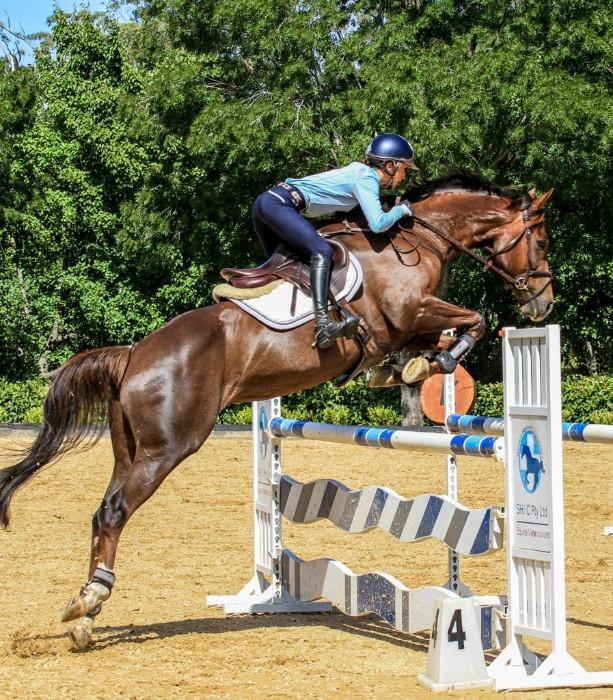 Dressage, sj or event.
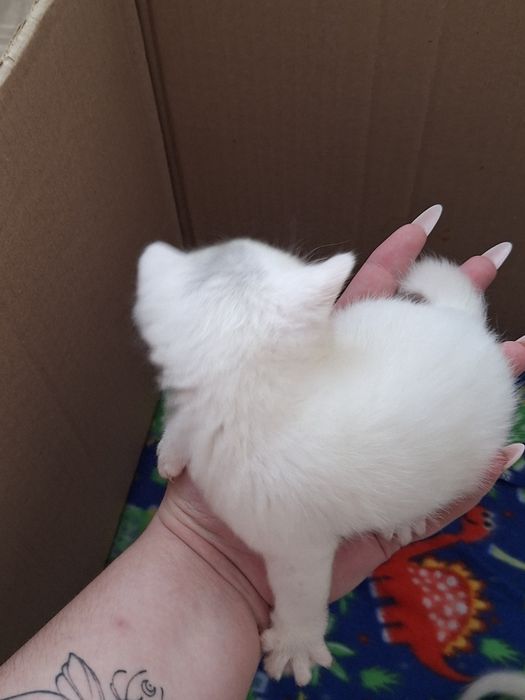 Отдам даром котят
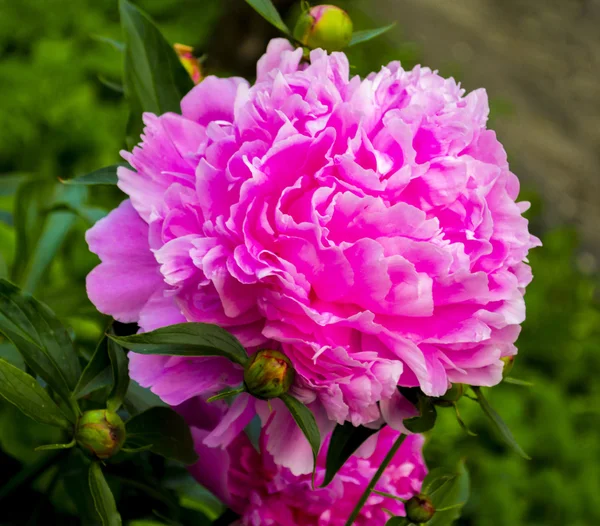 Pioenrozen. bloemen van de pioenroos. takje van bloeiende bloemen van de pioenroos. Bloomin — Stockfoto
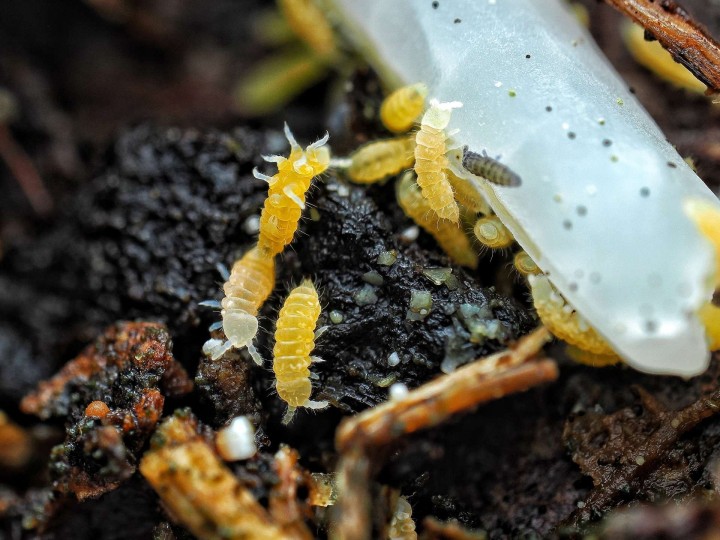 Ceratophysella isabellae "Yellow Albino" : Le Collembole Jaune Fluorescent 🟡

What you are asked to do:
Pictures aside, retype the material exactly.

Answer to this exercise:
 Dressage, sj or event.
 Отдам даром котят
 Pioenrozen. bloemen van de pioenroos. takje van bloeiende bloemen van de pioenroos. Bloomin — Stockfoto
 Ceratophysella isabellae "Yellow Albino" : Le Collembole Jaune Fluorescent 🟡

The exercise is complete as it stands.